Advanced scholarly works by Northerners in many fields had greater success on the Italian book market than textbooks, since Italians admitted easily enough that good advanced work could be produced anywhere good libraries were at the disposition of right-thinking (that is, humanist) scholars. This opinion had immediate resonance in the market for intermediate and advanced textbooks. For example, in the classroom scene that stands as frontispiece to the 1504 Venice edition of Terence with Five Commentaries, the Belgian-born Paris editor Josse Bade Ascensius is pictured to the right of a professorial Terence; he joins two ancient commentators and two moderns, one French and one Italian, in the stylized lecture hall that stands in here for the humanist republic of letters. Bade may have earned his place because he had studied in Italy; certainly none of the other Northerners of his generation ranked so high in the eyes of the Italian public. (2) But more importantly still, he was part of a humanist world without borders.

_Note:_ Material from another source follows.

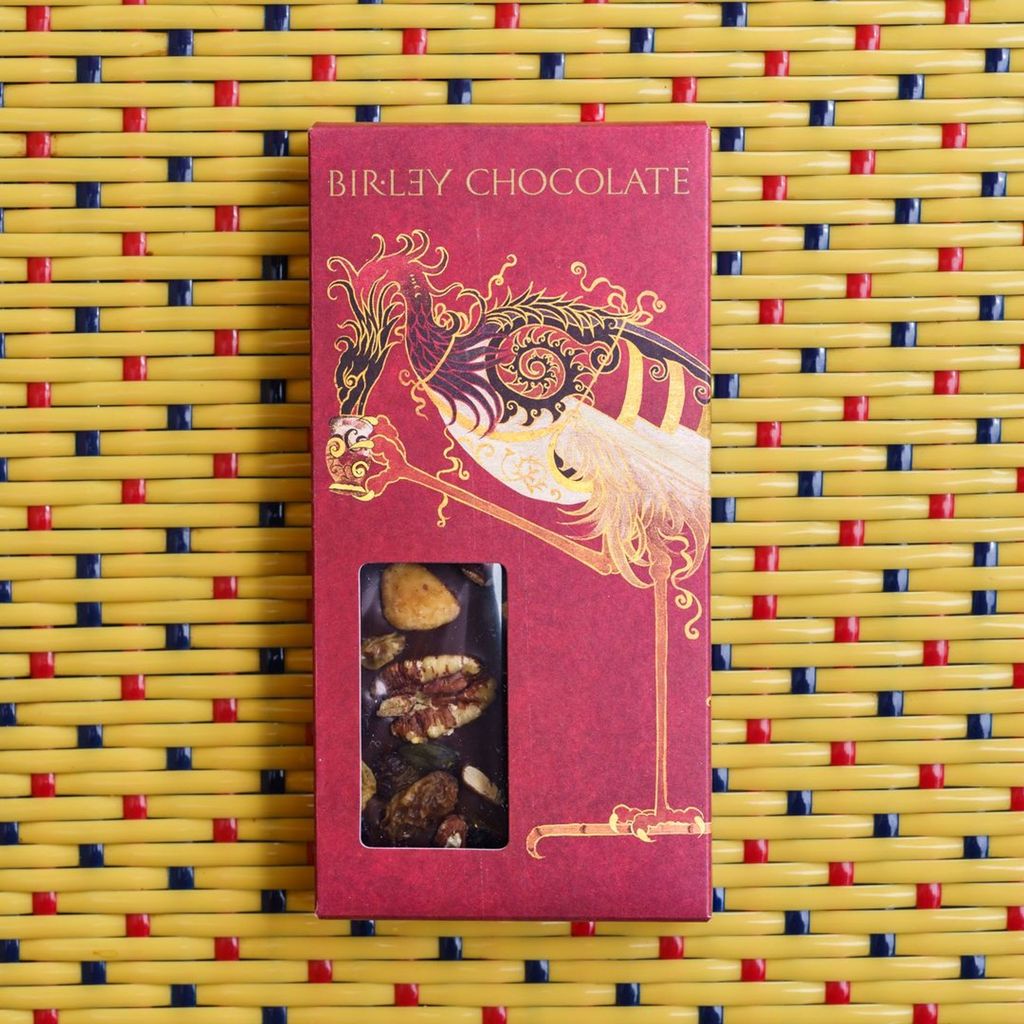 Dark Chocolate Mixed Fruit Bar (110gr)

By contrast to this ideal, international world of advanced scholarship, much elementary school book publishing remained tied to local demand and local networks of patronage. Sixteenth-century Latin speakers thought globally but Latin teachers acted locally. There were repeated attempts to create an international market for textbooks for teaching Latin. Venice was the site of the first such marketing campaigns toward the end of the fifteenth century. Later, Basel, Lyon, Paris, and Antwerp would seek international markets. To some degree Venetian printers succeeded; they printed for the South German, Hungarian, and Dalmatian markets for example, and their books were influential throughout Europe. But this broad ambition was always counter-balanced by local interests and needs, expressed in markets where local teachers made choices. In chapter five we will explore one internationally successful elementary Latin grammar, that of Manuel Alvares, championed by the Jesuits.
Only a humanist celebrity like Erasmus (1467-1536) could expect his Latin school texts to be published in Italy promptly. And Erasmus, once his works became controversial and suspect of Lutheranism, slowly but thoroughly disappeared from the Italian market too. Even technical and pedagogical works that were never expressly forbidden (and which, indeed, contained nothing even remotely heterodox) went into eclipse as soon as Erasmus's name appeared in early indexes of forbidden books. Silvana Seidel Menchi has shown how selective and tendentious readings of Erasmus could indeed conduce to heterodoxy, and how, therefore, the authorities had every reason to worry about an author so widely read and anthologized. (3)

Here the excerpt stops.